- Otter Rapids Location of Otter Rapids in Ontario
- Coordinates: 50°11′04″N 81°38′27″W﻿ / ﻿50.18444°N 81.64083°W
- Country: Canada
- Province: Ontario
- Region: Northeastern Ontario
- District: Cochrane District
- Elevation: 129 m (423 ft)
- Time zone: UTC−05:00 (EST)
- • Summer (DST): UTC−04:00 (EDT)
- FSA: P0L
- Area codes: 705, 249

= Otter Rapids =

Otter Rapids, also known as White Otter Rapids, is an unincorporated place and dispersed rural community in geographic Pitt Township in the unorganized north part of Cochrane District in Ontario, Canada It is located 148.9 km south of Moosonee and 120 km north of Smooth Rock Falls.
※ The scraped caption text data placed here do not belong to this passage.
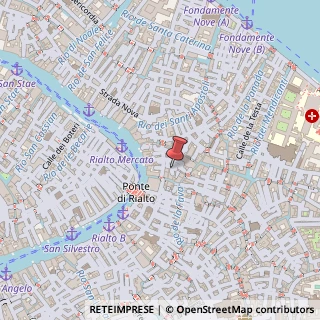 Mappa Cannaregio 5858 Corte seconda del Milion, 30121 Venezia VE, Italia, 30121 Venezia, Venezia (Veneto)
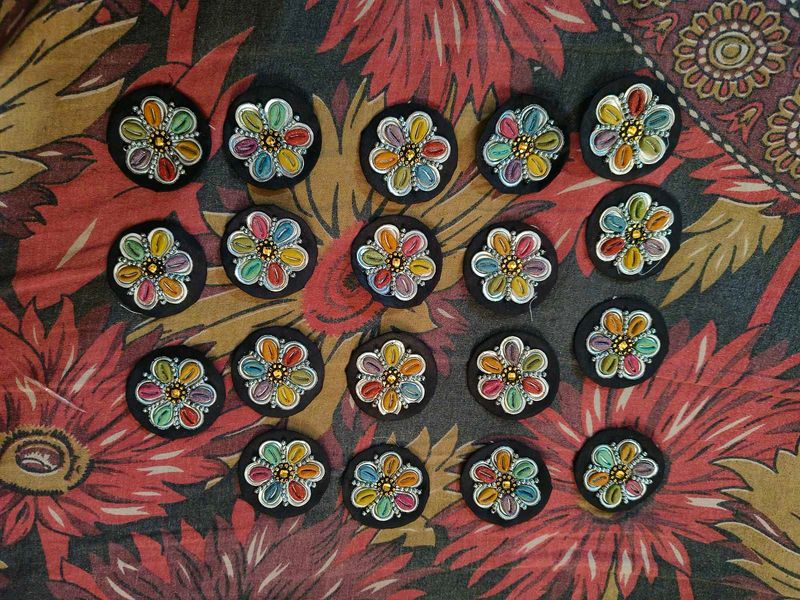 Vintage Flower Patches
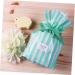ORFOFE 150pcs Candy Bags Cellophane Treat Bags Storage Bag Christmas Candy Bag Bag Stripe Biscuit Bag - Buy Online on GoSupps.com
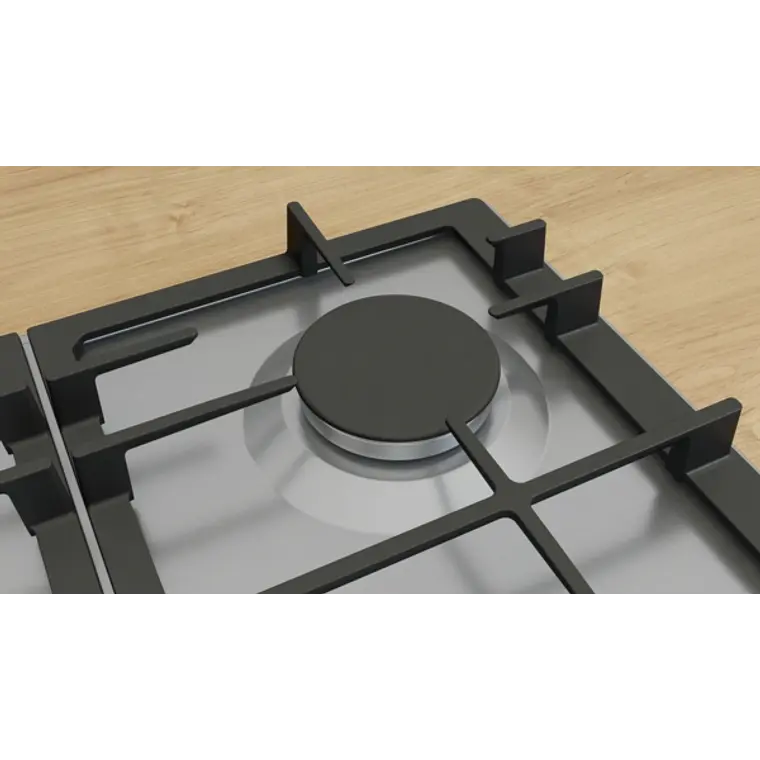 Encimera BOSCH Serie 6 Gas acero 60 cm · PCC6A5I90 4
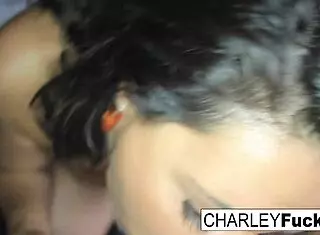 charley chase takes on a big cock 😍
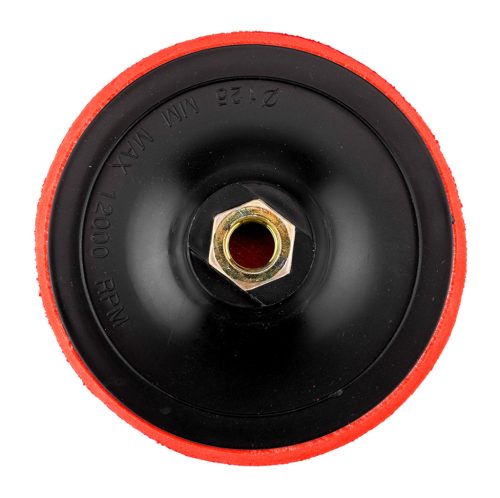 Graphite Rugalmas csiszolótányér, tépőzáras, 125mm, M14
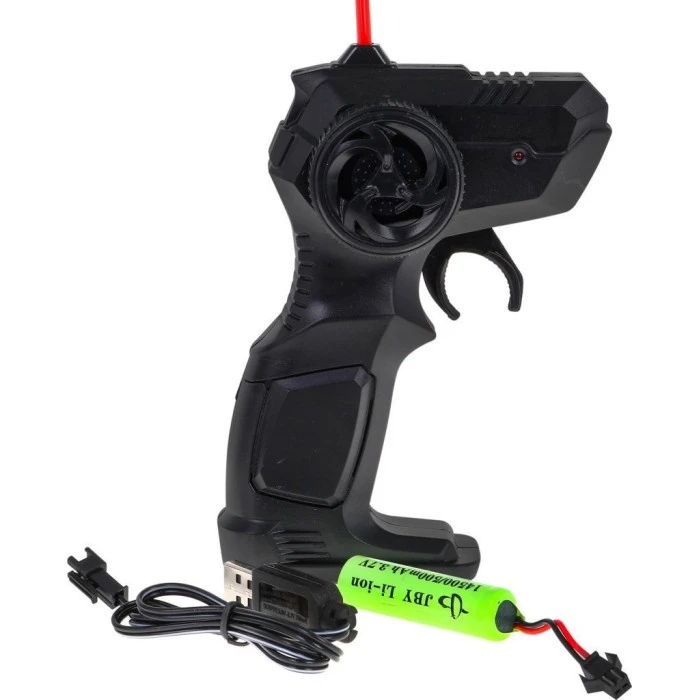 Металлический гусеничный автомобиль Rock Explorer 4x4 для детей 8+ с дистанционным управлением 1:18 Резина 6 колес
Situated in northeastern Ontario, the community is on the west side (left bank) of the Abitibi River adjacent to the Otter Rapids Generating Station, downstream of the Abitibi Canyon Generating Station and community of Abitibi Canyon, and upstream of Coral Rapids.

==Transportation==
The Ontario Northland Railway runs through this community. Otter Rapids is also accessible by a gravel road that connects via Abitibi Canyon to Ontario Highway 634 at Fraserdale and by an airstrip suitable for small aircraft.

During the winter months, Wetum Road connects Otter Rapids to Moose Factory, Ontario, as a winter road.